Earlier this month, we saw an indication that at least some Apple TV users were seeing emergency alerts on their set-top boxes, leading to speculation that Apple might have quietly hidden an emergency alert feature in tvOS 13.
Although on closer analysis it was much more likely that the users who saw these emergency alerts received them through specific streaming apps on the Apple TV, rather than tvOS itself, the ability to receive emergency alerts on your Apple TV may become far more common — at least in the U.S. — if a new proposed bill becomes law.
In response to a false missile alert that went out across Hawaii in early 2018, U.S. Senators Brian Schatz and John Thune have reintroduced the Reliable Emergency Alert Distribution Improvement (READI) Act to attempt to address the way that emergency alerts are managed and transmitted, as well as the types of devices they’re received on.
When a missile alert went out across Hawai‘i last year, some people never got the message on their phones, while others missed it on their TVs and radios. Even though it was a false alarm, the missile alert exposed real flaws in the way people receive emergency alerts.U.S. Senator Brian Schatz
In order to ensure that as many users as possible are notified of a serious emergency, the new act would also mandate that government emergency alerts be repeated on TV and radio rather than only being sent out once, but with many users shifting away from traditional terrestrial radio and broadcast television, it also concedes that there’s a need to ensure that emergency alerts are sent out via those services that are replacing television and radio — “online video and audio streaming services.” While the proposal specifically mentioned Netflix and Spotify, this would undoubtedly also include Apple’s own streaming services such as Apple TV+ and Apple Music.
The Current System
As things presently stand, U.S. government emergency alerts are only sent out through traditional telecommunications channels — terrestrial broadcasters, cable and wireless television providers, satellite audio radio service and television providers, and mobile cellular networks.
This means that you can get an emergency alert on your television or radio, but only if you’re watching traditional programming or listening to a traditional radio station. Similarly, you can receive alerts on an iPhone, Apple Watch, or iPad when it’s connected to an LTE network, but not when you’re only on Wi-Fi only, as there is currently no internet pathway for emergency alerts to take.
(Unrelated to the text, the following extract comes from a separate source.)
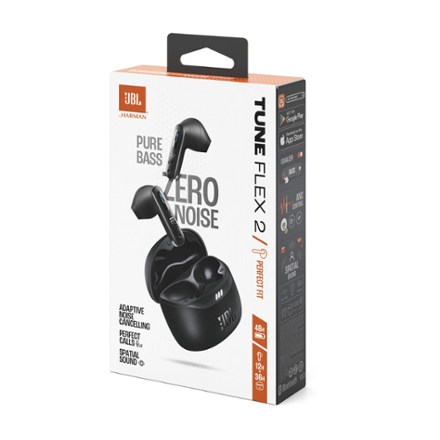 Tune Flex 2 Bluetooth In-Ear True Wireless Noise-Canceling Earbuds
This is the main reason why we were skeptical that tvOS 13 was actually receiving emergency alerts. While it would theoretically be possible for a provider such as Apple to collect emergency alerts and transmit them to the Apple TV over the internet, issues around location privacy would make this a challenge to ensure that users only received alerts that were relevant to their particular area.
How It Could Work
An expansion of emergency alerts to audio and video streaming services may sound simple on the surface, but it’s really not just a matter of broadcasting alerts to Apple users — there would actually be a number of issues that would need to be worked out if the alerts were to be targeted in the way that they’re designed to.
Firstly, Apple would need to develop a way to take location information into account, and with Apple’s penchant for user privacy, collecting and tracking the locations of its users to determine who to send alerts to would probably be out of the question. A more feasible solution would be to broadcast all alerts to all Apple subscribers, tagged to indicate what areas they’re for, and then rely on the receiving devices to discard or ignore alerts that are not for them.
There would also be the question of how alerts would be handled on Apple’s mobile devices. For example, a user on an iPhone will already receive emergency alerts via the cellular network, and probably doesn’t need to receive a duplicate alert through Apple Music and/or Apple TV+. However, Apple also can’t simply assume that iPhone users are exempt from these kinds of streaming-based alerts.
The system as it’s currently being proposed would also rely on an Apple TV user actively watching or listening to a streaming service, since the alerts would be transmitted through those channels. In an ideal situation, however, Apple and policy makers should build a solution that could notify users of an emergency alert on their set-top boxes regardless of what app is being used, or even if it’s just sitting at the screensaver.
While none of these problems are difficult to solve, it does demonstrate that there’s a lot more to implementing this solution properly in a digital streaming world than the old broadcast television methods addressed. Hopefully lawmakers will realize this as they’re exploring bringing emergency alerts to more modern technology platforms.